- _TASK INSTRUCTIONS_: Leave out the pictures, then output the lines of the records below from the first through the one containing "the winnie the".

- _EXERCISE DATA_:
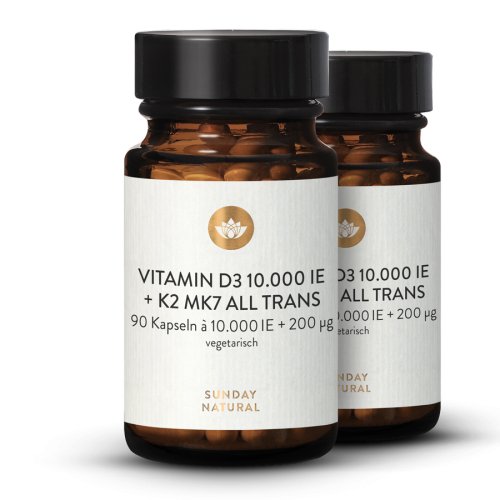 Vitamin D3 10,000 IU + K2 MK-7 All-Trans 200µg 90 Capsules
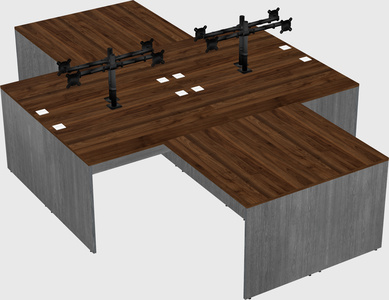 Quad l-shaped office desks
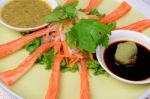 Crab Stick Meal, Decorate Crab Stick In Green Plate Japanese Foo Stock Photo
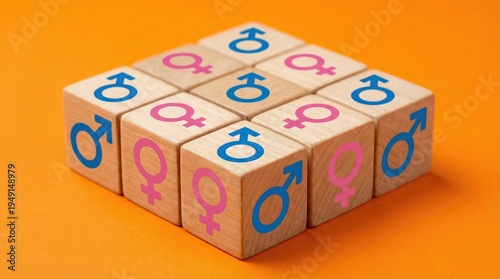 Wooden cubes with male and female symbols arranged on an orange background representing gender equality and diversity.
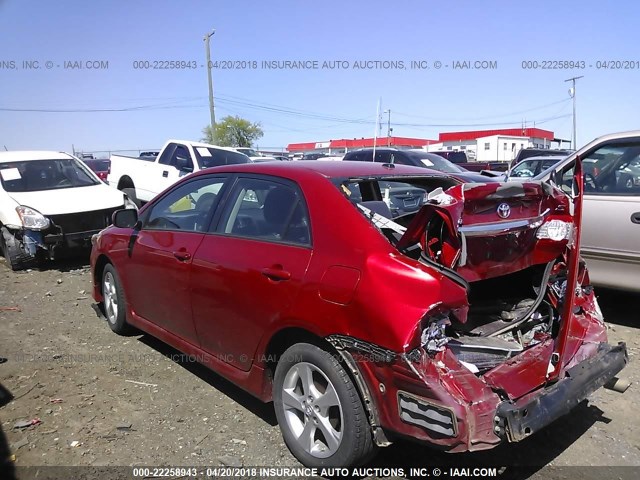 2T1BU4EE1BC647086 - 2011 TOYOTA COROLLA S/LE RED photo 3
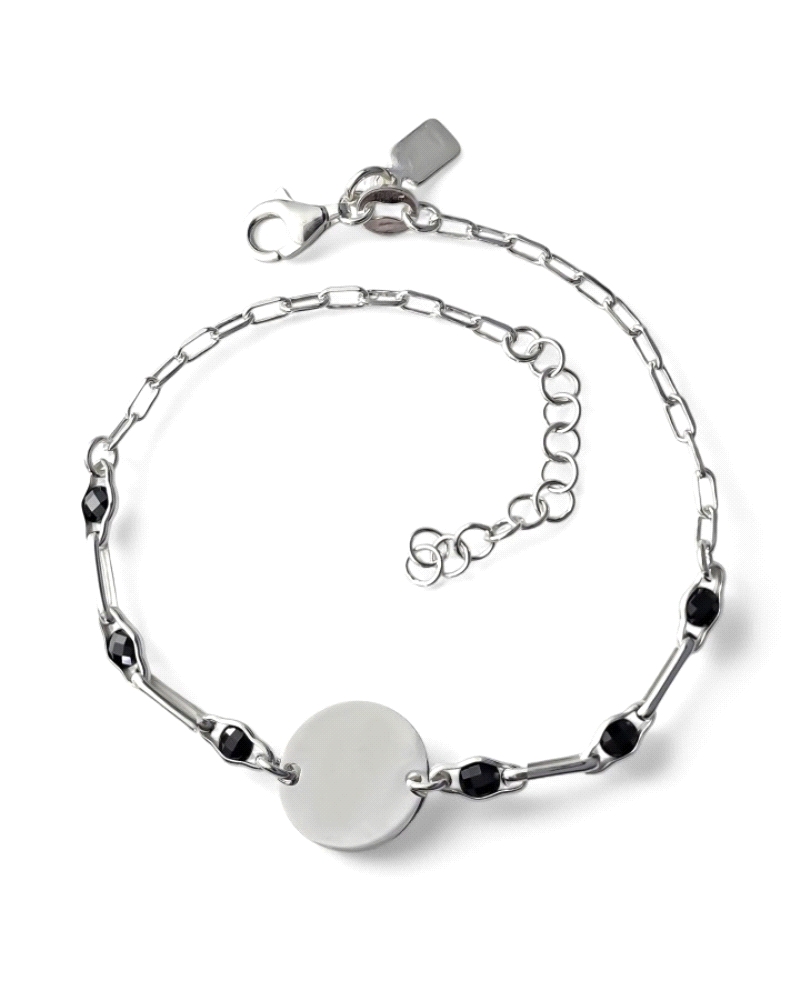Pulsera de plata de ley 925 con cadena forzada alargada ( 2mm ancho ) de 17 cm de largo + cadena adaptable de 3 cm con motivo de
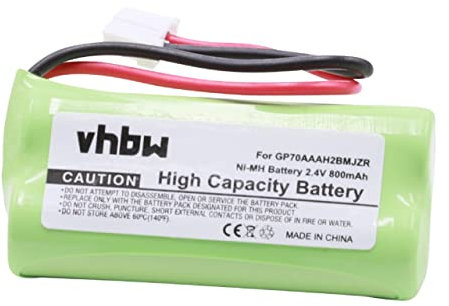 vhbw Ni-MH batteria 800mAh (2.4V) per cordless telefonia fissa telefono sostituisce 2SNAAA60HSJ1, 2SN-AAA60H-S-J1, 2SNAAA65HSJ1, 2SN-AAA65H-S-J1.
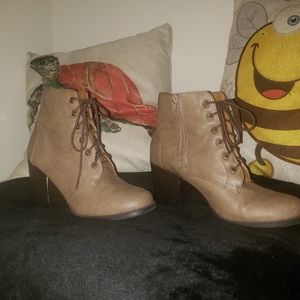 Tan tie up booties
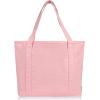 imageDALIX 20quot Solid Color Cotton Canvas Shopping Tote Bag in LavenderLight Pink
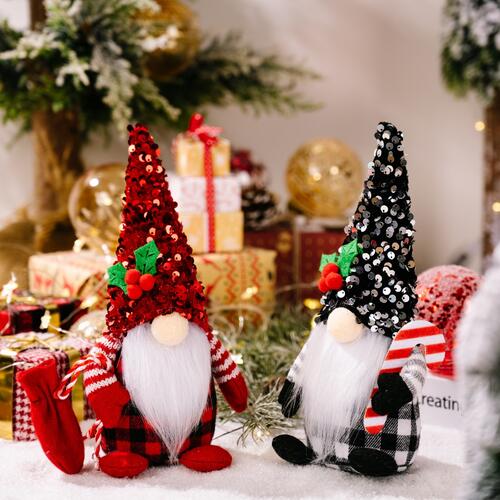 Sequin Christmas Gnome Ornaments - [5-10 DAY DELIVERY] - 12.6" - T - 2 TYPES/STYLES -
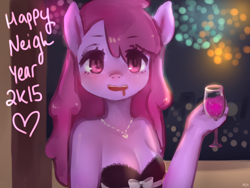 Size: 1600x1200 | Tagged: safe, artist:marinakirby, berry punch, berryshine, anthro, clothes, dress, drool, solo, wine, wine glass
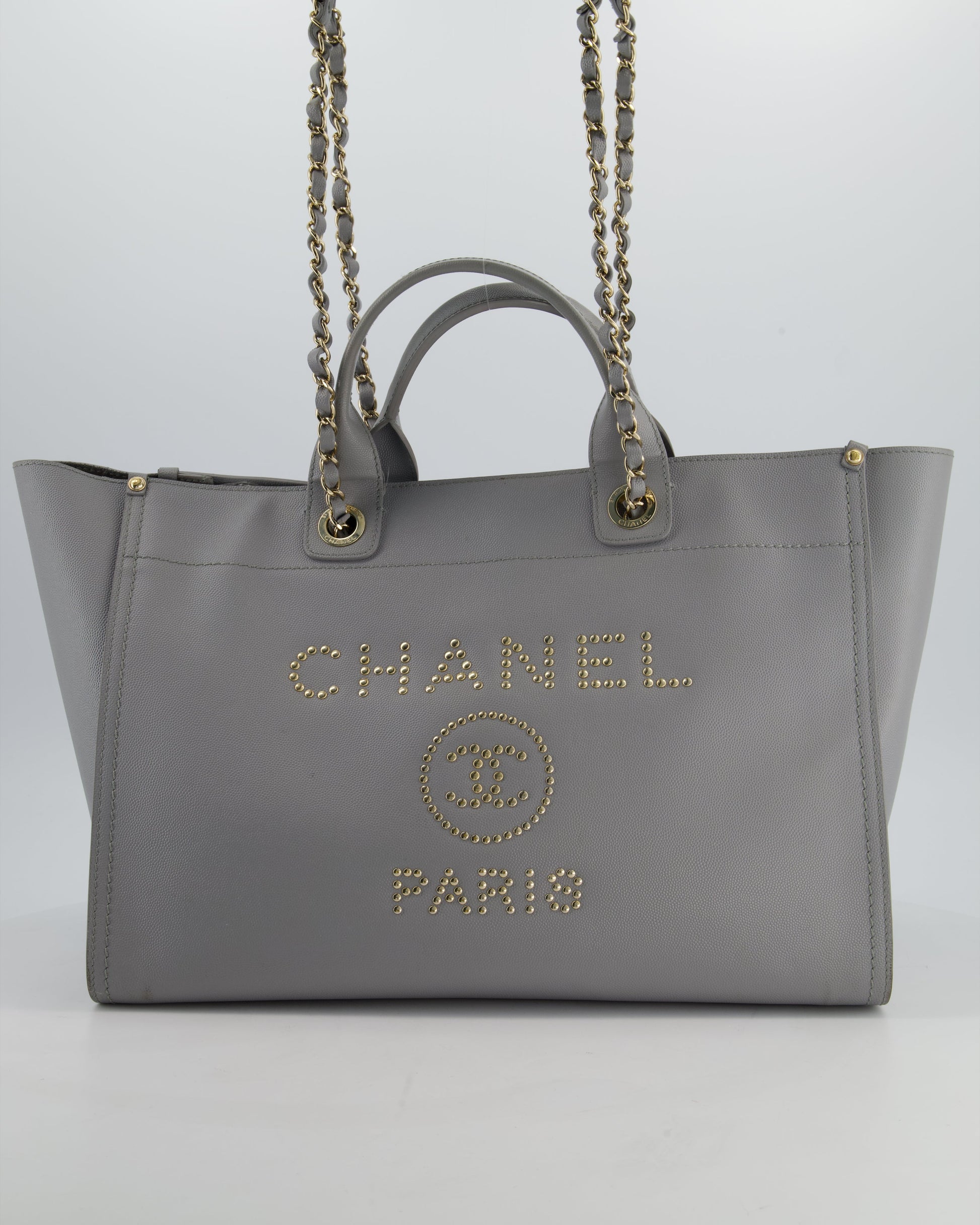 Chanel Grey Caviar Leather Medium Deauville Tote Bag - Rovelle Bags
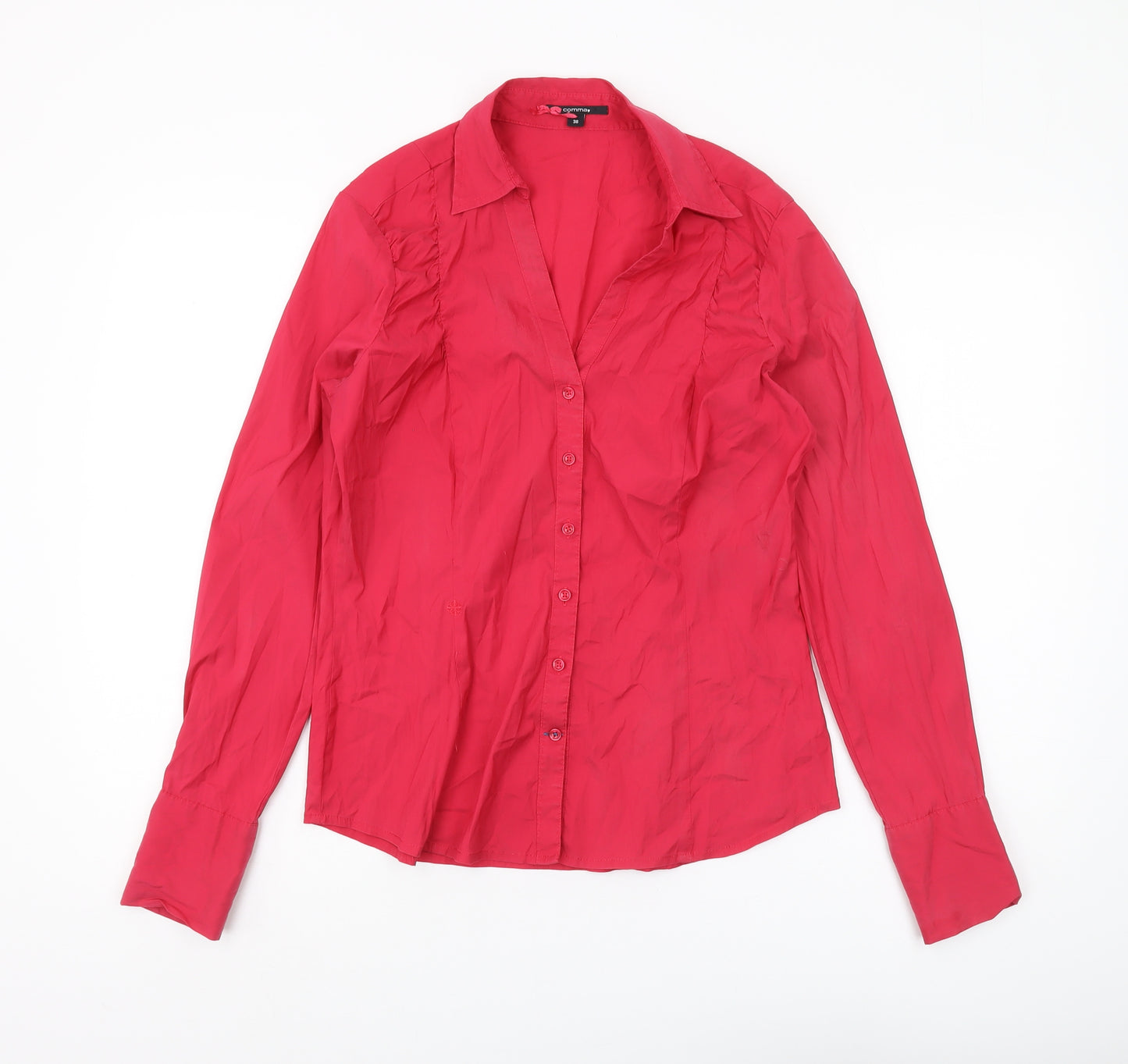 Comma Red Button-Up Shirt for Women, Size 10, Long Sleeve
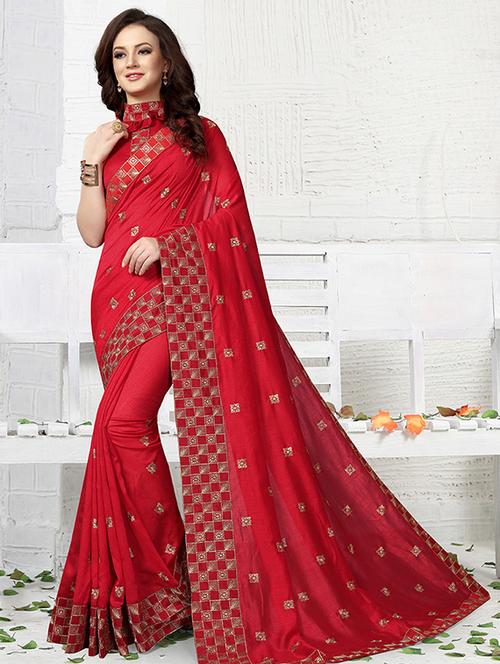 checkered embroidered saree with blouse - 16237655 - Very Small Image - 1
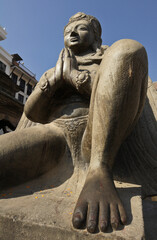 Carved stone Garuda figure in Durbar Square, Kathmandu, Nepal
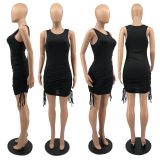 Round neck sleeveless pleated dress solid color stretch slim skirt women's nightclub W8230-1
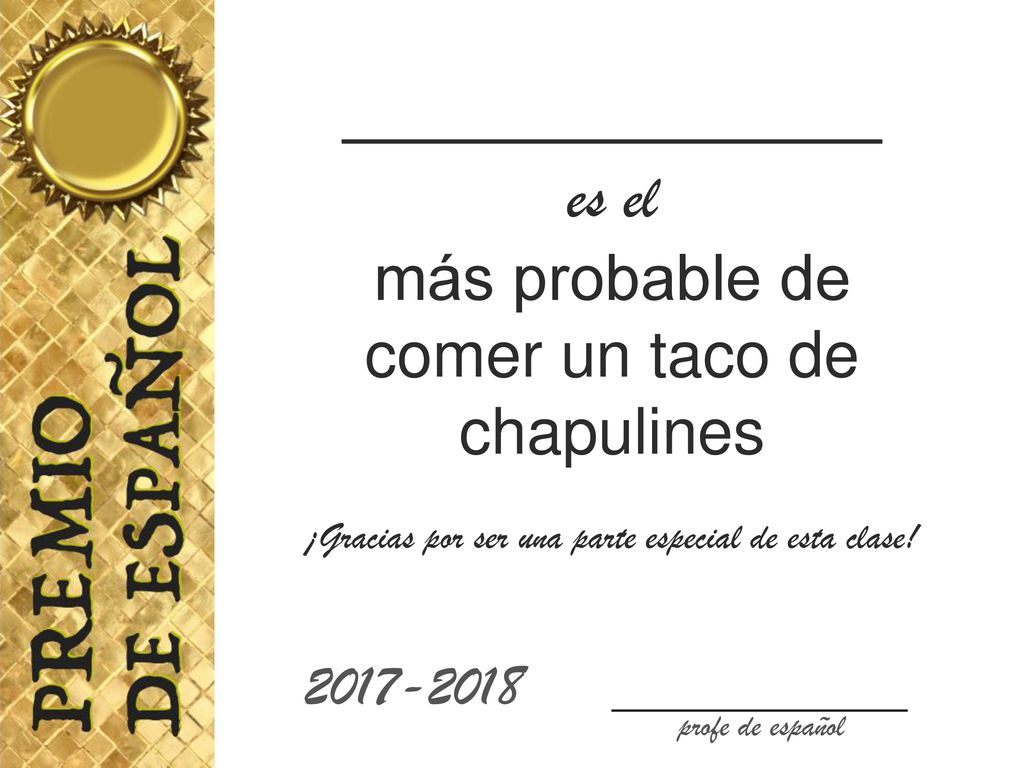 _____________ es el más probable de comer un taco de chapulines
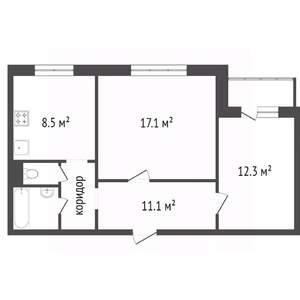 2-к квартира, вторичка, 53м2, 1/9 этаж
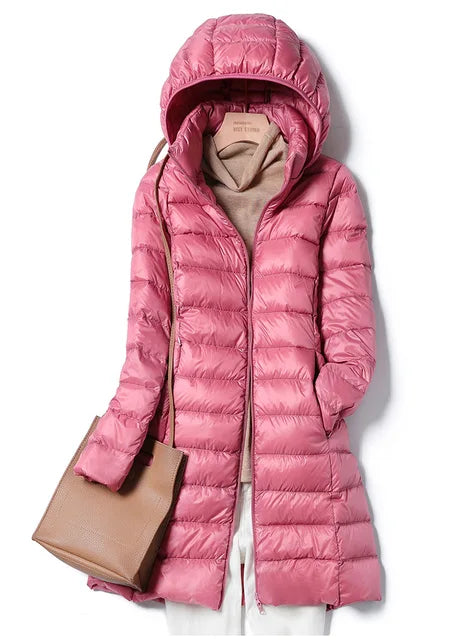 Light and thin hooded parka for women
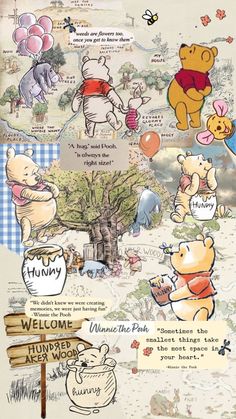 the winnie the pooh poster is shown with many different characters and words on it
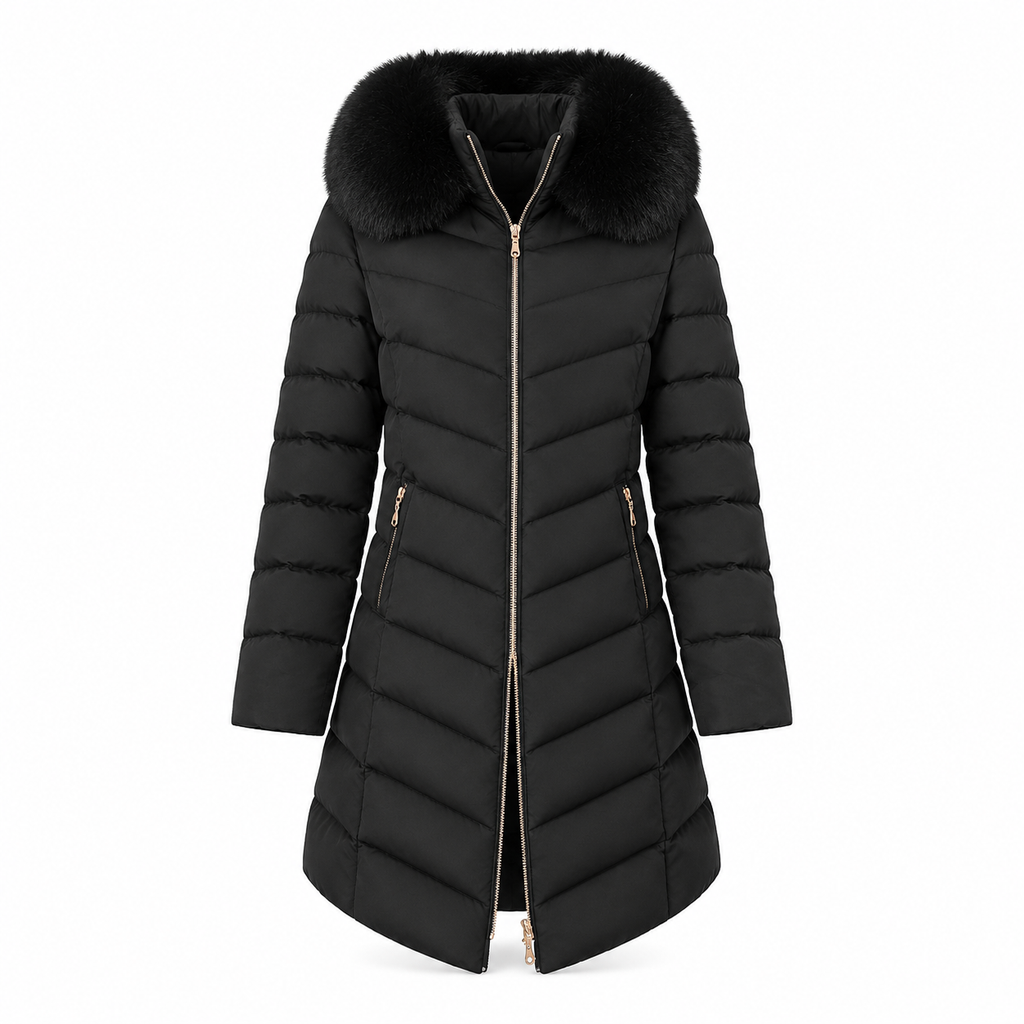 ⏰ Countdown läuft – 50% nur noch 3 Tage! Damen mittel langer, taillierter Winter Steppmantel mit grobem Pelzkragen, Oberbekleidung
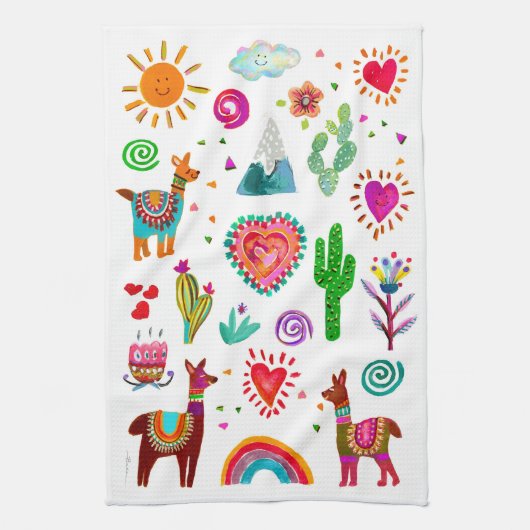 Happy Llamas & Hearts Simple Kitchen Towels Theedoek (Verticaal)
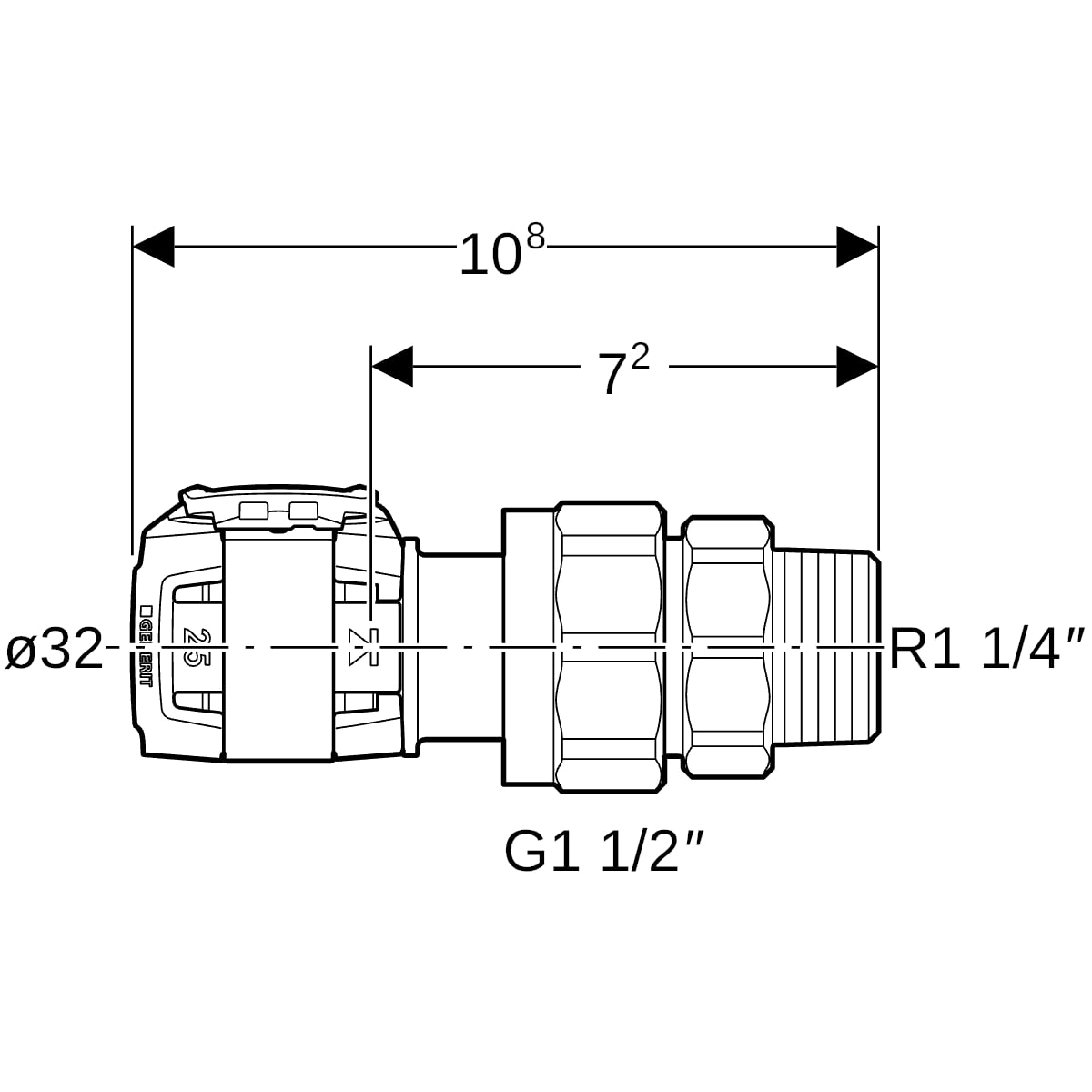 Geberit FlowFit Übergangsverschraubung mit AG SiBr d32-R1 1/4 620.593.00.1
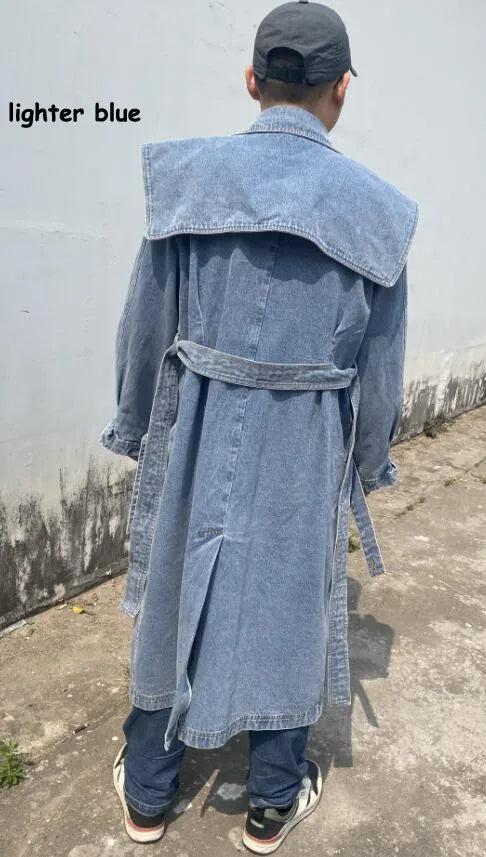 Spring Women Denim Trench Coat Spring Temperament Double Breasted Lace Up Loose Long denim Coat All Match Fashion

- _ANSWER SPACE_:
 Vitamin D3 10,000 IU + K2 MK-7 All-Trans 200µg 90 Capsules
 Quad l-shaped office desks
 Crab Stick Meal, Decorate Crab Stick In Green Plate Japanese Foo Stock Photo
 Wooden cubes with male and female symbols arranged on an orange background representing gender equality and diversity.
 2T1BU4EE1BC647086 - 2011 TOYOTA COROLLA S/LE RED photo 3
Pulsera de plata de ley 925 con cadena forzada alargada ( 2mm ancho ) de 17 cm de largo + cadena adaptable de 3 cm con motivo de
 vhbw Ni-MH batteria 800mAh (2.4V) per cordless telefonia fissa telefono sostituisce 2SNAAA60HSJ1, 2SN-AAA60H-S-J1, 2SNAAA65HSJ1, 2SN-AAA65H-S-J1.
 Tan tie up booties
 imageDALIX 20quot Solid Color Cotton Canvas Shopping Tote Bag in LavenderLight Pink
 Sequin Christmas Gnome Ornaments - [5-10 DAY DELIVERY] - 12.6" - T - 2 TYPES/STYLES -
 Size: 1600x1200 | Tagged: safe, artist:marinakirby, berry punch, berryshine, anthro, clothes, dress, drool, solo, wine, wine glass
 Chanel Grey Caviar Leather Medium Deauville Tote Bag - Rovelle Bags
 Comma Red Button-Up Shirt for Women, Size 10, Long Sleeve
 checkered embroidered saree with blouse - 16237655 - Very Small Image - 1
 Carved stone Garuda figure in Durbar Square, Kathmandu, Nepal
 Round neck sleeveless pleated dress solid color stretch slim skirt women's nightclub W8230-1
 _____________ es el más probable de comer un taco de chapulines
 2-к квартира, вторичка, 53м2, 1/9 этаж
 Light and thin hooded parka for women
 the winnie the pooh poster is shown with many different characters and words on it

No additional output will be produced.